Hierarchical clustering builds a tree of nested partitions called a dendrogram, rather than a single flat assignment of points to clusters. At the bottom of the tree, every observation sits in its own singleton cluster. At the top, all observations are bundled into a single group containing the entire dataset. Every horizontal cut through this tree corresponds to one possible flat clustering: cut close to the leaves and you obtain many small groups, cut close to the root and you obtain a few large ones. The analyst chooses the cut that best matches the question being asked, and can change their mind without re-running the algorithm.

This is a markedly different bargain from the one we struck in §8.3. K-means demanded that we commit to a value of $K$ before we saw any structure, then optimised within that constraint. Hierarchical clustering refuses to commit. Instead of a partition, it returns a complete account of the order in which points and groups draw together as the resolution coarsens. That account is itself a piece of evidence about the data: a long, lonely branch tells us that some group is genuinely distinct, while a flurry of merges at similar heights tells us that the boundary between clusters is fuzzy.

Two flavours exist. Agglomerative clustering is bottom-up: start with singletons and successively merge the closest pair until one cluster remains. Divisive clustering is top-down: start with the whole dataset and recursively split. Agglomerative is overwhelmingly the standard, because divisive requires a non-trivial sub-clustering routine at every level. The rest of this section concentrates on the agglomerative case.

Symbols Used Here

$d(\mathbf{x},\mathbf{y})$point-to-point distance metric (typically Euclidean)\

$D(A,B)$between-cluster distance, defined by a *linkage criterion*\

$h$height at which a horizontal cut produces a flat clustering\

$n$number of observations

8.4.1 Agglomerative algorithm

The recipe is short enough to state in three lines and long enough in execution to define an entire family of methods.

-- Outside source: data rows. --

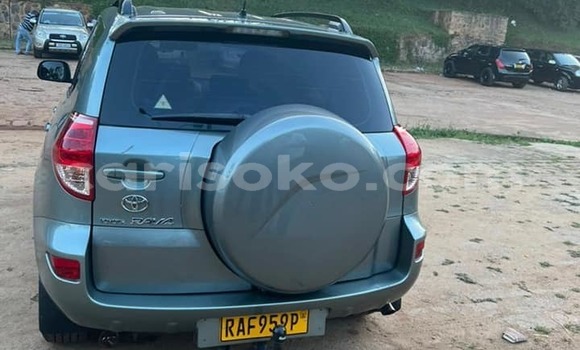 Sayi Na hannu Toyota RAV4 Autre Mota in Kigali a Rwanda Sayi Na hannu Toyota RAV4 Autre Mota in Kigali a Rwanda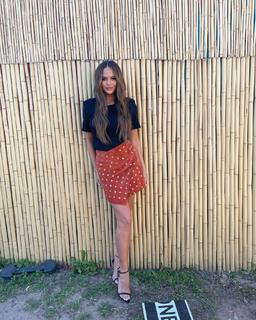 Chrissy Teigen feet photo thumbnail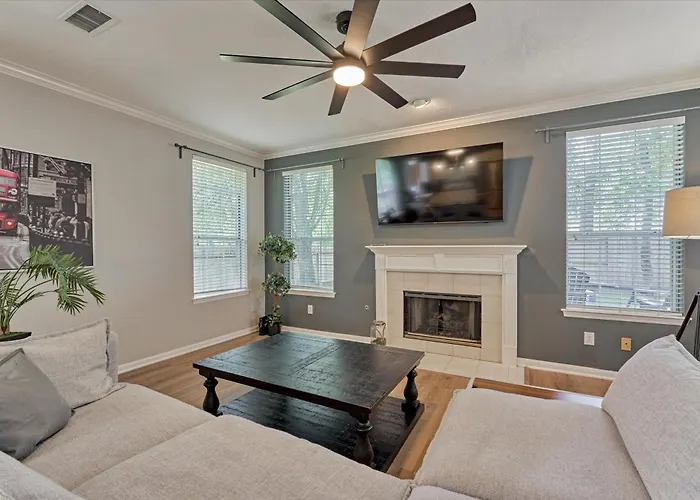 The Woodlands 3Br 1-Story Retreat W Open Kitchen, Grill, And Baby Friendly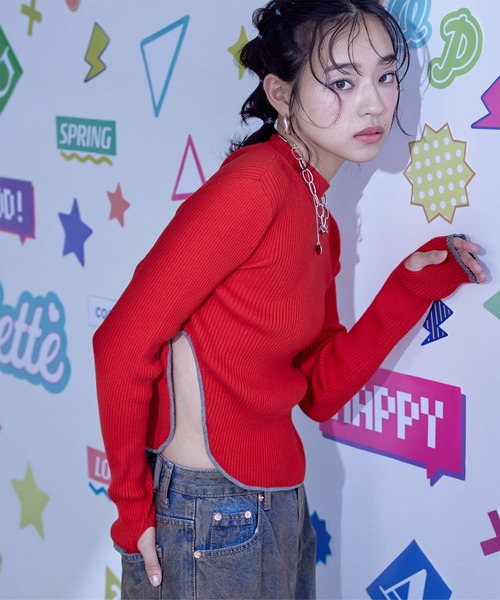 miette(ミエット)の「ラウンドヘムショートリブニット(ニット/セーター・レディース・ブラック/アイボリー/レッド・FREE)」の2枚目の写真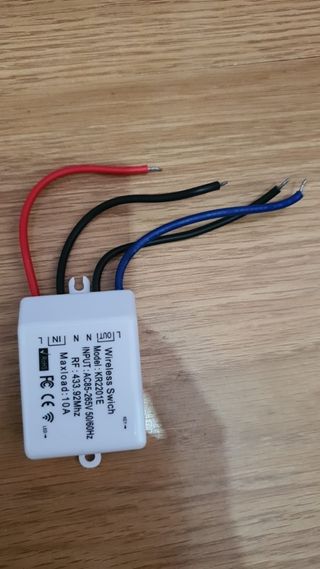 Interruptor Relé Inalámbrico KR2201E 10A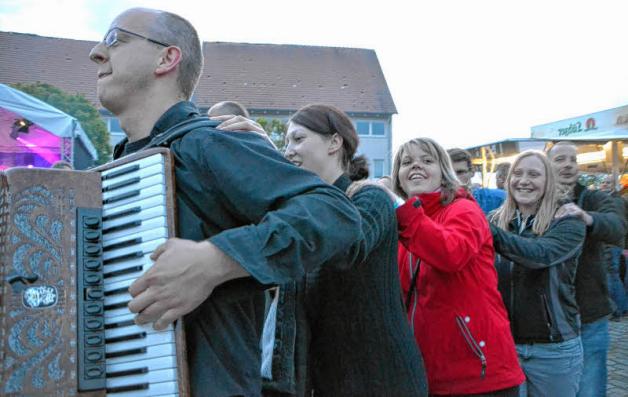 Mit den Larrikins aus Goldberg gab es sogar eine Polonaise auf dem Schloßplatz. Mit den Larrikins aus Goldberg gab es sogar eine Polonaise auf dem Schloßplatz.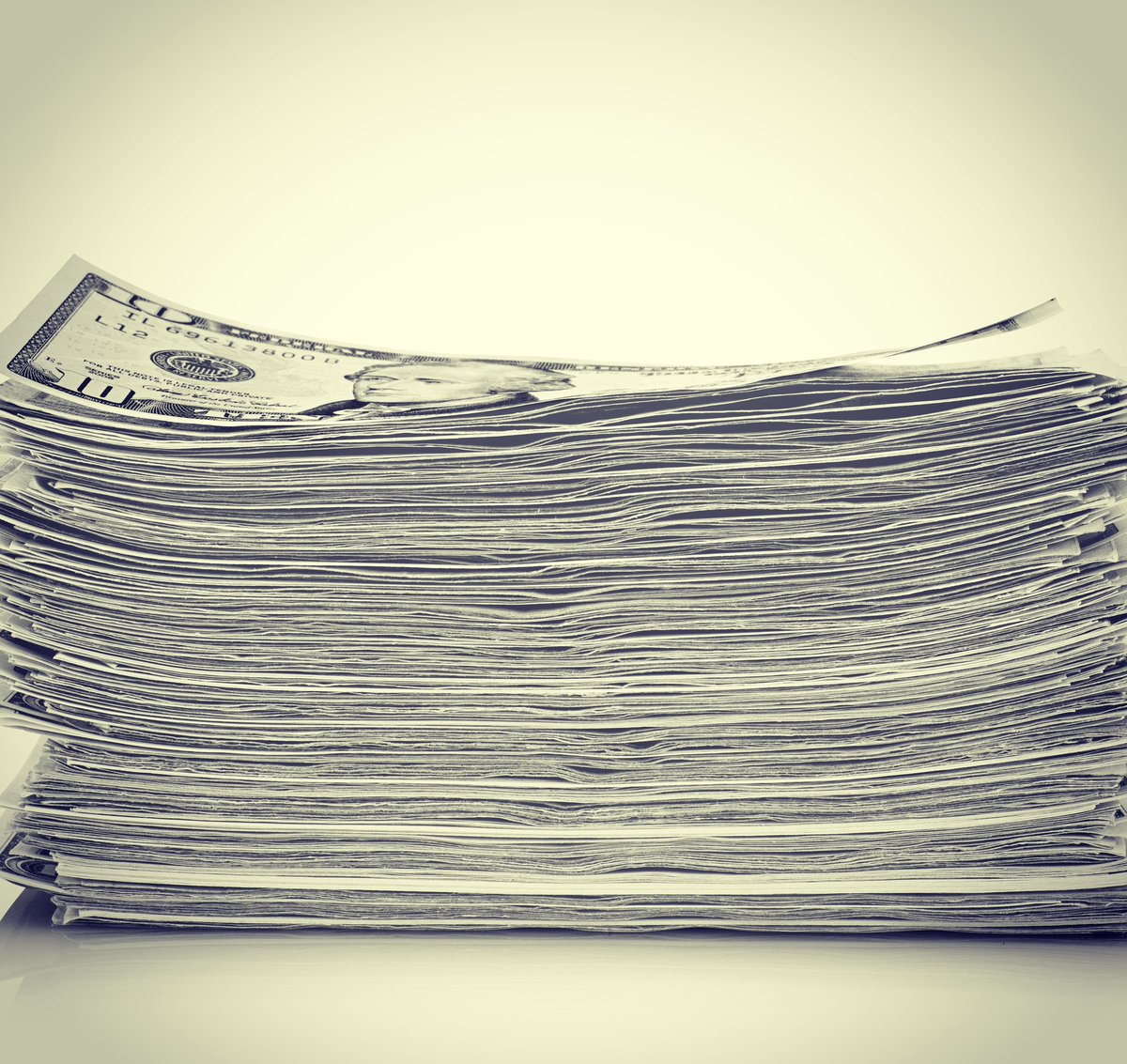 sprintrehoboth's tweet photo. UNLIMITED HD is HALF what U pay @ Verizon or AT&amp;T! $90/mo for 4 lines U get HD video,UNLIMITED talk, text &amp; data,+10GB of mobile Hotspot! https://t.co/VNmp6KpiH2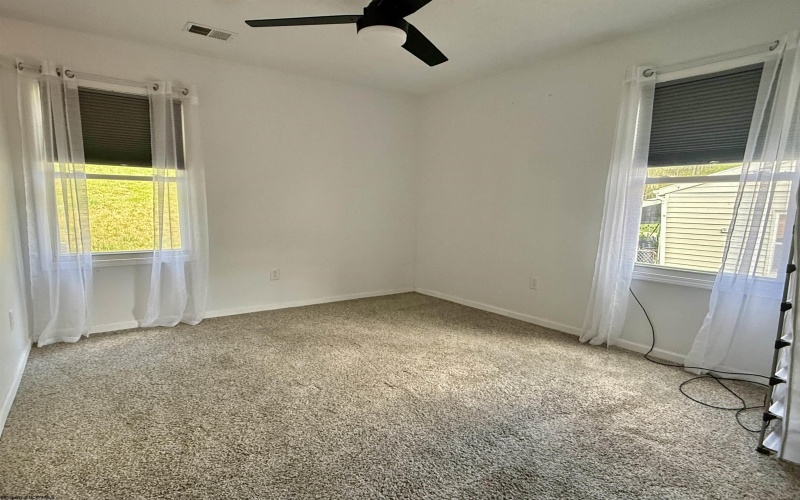 1255 Bellaire Street, Fairmont, West Virginia 26554, 3 Bedrooms Bedrooms, 5 Rooms Rooms,1 BathroomBathrooms,Single Family Detached,For Sale,Bellaire,10164454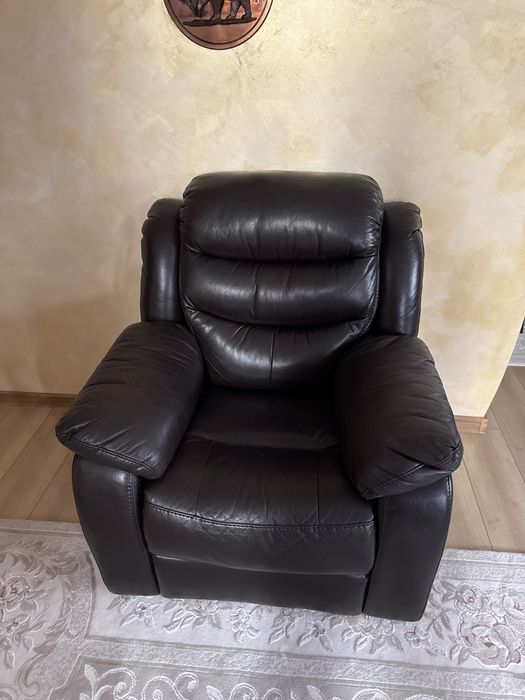 Canapea plus 2 fotolii uzate in stare buna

Initialise: place each of the $n$ observations in its own singleton cluster, so we begin with $n$ clusters.
Repeat: locate the pair of clusters $A,B$ with the smallest between-cluster distance $D(A,B)$ under the chosen linkage, merge them into $A\cup B$, and record the height of the merge.
Stop: when only a single cluster remains, or when a stopping rule (a target number of clusters, a maximum merge height) is met.

The result is a sequence of $n-1$ merges, each tagged with the height at which it occurred. Plotting the merges as a binary tree, with merge height on the vertical axis, gives the dendrogram.

A naive implementation maintains the full pairwise distance matrix and rescans it at every step, costing $O(n^3)$ time. Sophisticated implementations exploit the fact that most pairwise distances do not change after a merge: the nearest-neighbour chain algorithm of Müllner brings the cost to $O(n^2)$ time, and the SLINK algorithm achieves the same for single linkage with $O(n)$ memory. In practice, $O(n^2)$ memory is the binding constraint: storing a pairwise distance matrix for $n=10^5$ requires roughly $40$ GB at single precision, which is why agglomerative clustering is rarely applied to more than a few tens of thousands of observations without first compressing the data through a routine such as BIRCH.

The merge order is deterministic given the data, the metric, and the linkage criterion. Unlike k-means, there is no random initialisation to worry about and no need to run the algorithm multiple times. What there is to worry about is the choice of linkage, which can change the dendrogram beyond recognition.

8.4.2 Linkage criteria

A linkage criterion turns a point-to-point distance $d(\mathbf{x},\mathbf{y})$ into a cluster-to-cluster distance $D(A,B)$. Four definitions dominate practice.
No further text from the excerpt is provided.